Aaron Rodgers is arguably the greatest quarterback of all time,1 so it’s hard to imagine that there could ever be too much Rodgers in a game plan. Yet this seemed to be the problem for Mike McCarthy and Green Bay through the first nine weeks of the season. On Sunday, though, the Packers flipped the script for a 31-12 victory against the Miami Dolphins, a win keyed by one of the best rushing performances in the Rodgers era.
The Packers entered Week 10 last in the NFL in share of running plays on first down (39.6 percent) despite being second in the league in play success on those runs (48.5 percent).2 But on Sunday, they ran on more than half of their first downs (51.85 percent) and gained 142 yards on their 14 carries, including 117 yards on nine carries by Aaron Jones.

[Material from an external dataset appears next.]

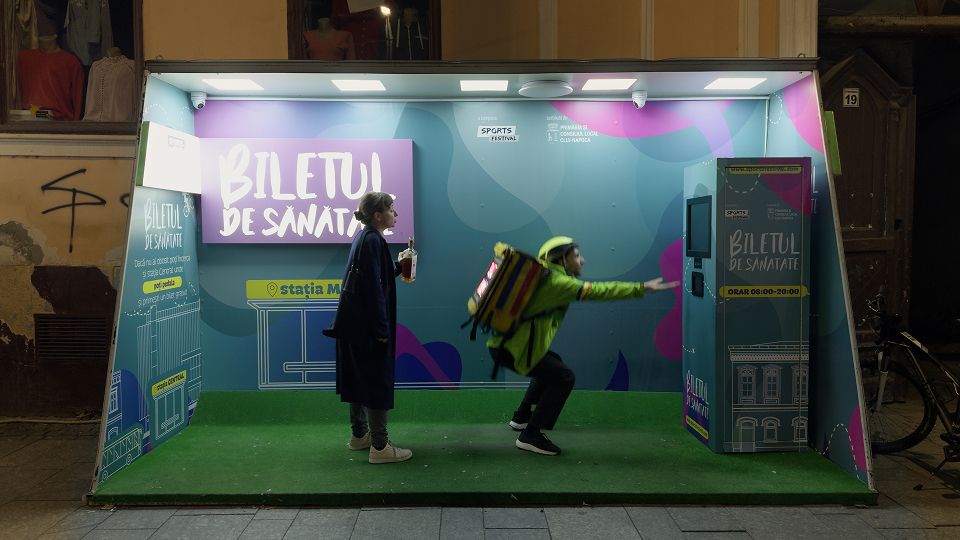 Kontinental '25 : Bild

Even with their Week 10 performance, the Packers still stand out when we juxtapose how often they run on first down with how well they run:
On Sunday, the Packers weren’t just taking advantage of a soft run defense to make this kind of structural change: Miami entered the game in the middle of the pack in play success allowed to opponents running on first down. Instead, a renewed focus on the run has been in the works in Green Bay for several weeks.

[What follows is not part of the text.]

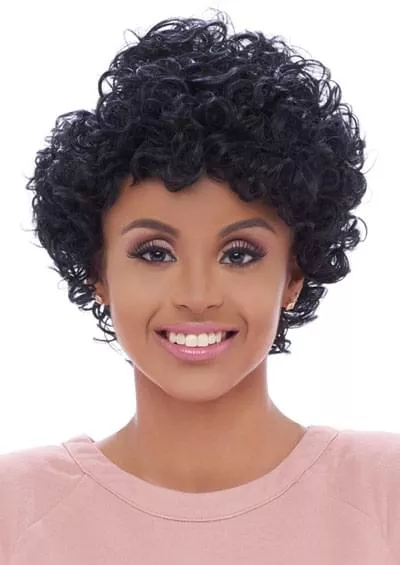 GO115 [GO GO | Full Wig | High Temp Synthetic]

Just giving the ball to Jones was a massive step in the right direction for Green Bay. He only recently became the Packers’ primary running back. After serving a suspension the first two games of the year for a substance abuse violation, Jones split snaps with Ty Montgomery and Jamaal Williams largely because of the Packers’ passing emphasis. McCarthy saw him as an incomplete running back because of his shortcomings as a blocker and as a receiving threat.
“There’s more to playing the position than just running the football,” McCarthy said in early October. And that’s especially true if running the football is not remotely a point of emphasis for a team.
But that’s changing now. And why shouldn’t it? Let’s compare the first 19 games of Aaron Jones’s career to the first 19 games of another back with a Hall of Fame quarterback who ended up changing his team’s scheme:
Jones: 154 carries for 942 yards (6.12 yards per rush), 8 rushing TDs
Alvin Kamara: 157 carries for 869 yards (5.54 yards per rush), 10 rushing TDs
While NFL teams generally run too much — especially on first down — it’s a problem specifically when defenses are geared to stop the run. But that’s not the case for teams facing Green Bay. Like Kamara and the Saints last year, Jones has a quarterback whom defenses fear so much that they don’t dare put an extra defender in the box to stuff the running back.
This season, the Packers have faced eight or more defenders in the box on first down just eight times in 272 snaps, a league-low rate of 2.94 percent (8.75 percent is average). Defenses are pretty much willing to concede the run — similar to how teams defend the Los Angeles Rams, who face stacked boxes almost as infrequently (3.8 percent). But the Rams, who are the only team better than the Packers in rushing success rate (51.1 percent), run the ball on first down 56.3 percent of the time, including 49.4 percent in the first half, when the score of the game is less likely to influence these play calls.
Can the Packers, at 4-4-1, maintain this newfound offensive balance and ride their running ways to the postseason? Their first test will be Thursday at Seattle before they travel to Minnesota in Week 12 in a game that could determine an NFC wild-card spot. The promos and advertisements for that Sunday Night Football contest will spotlight Aaron Rodgers, but the Packers featuring less of him may be the key to getting that victory.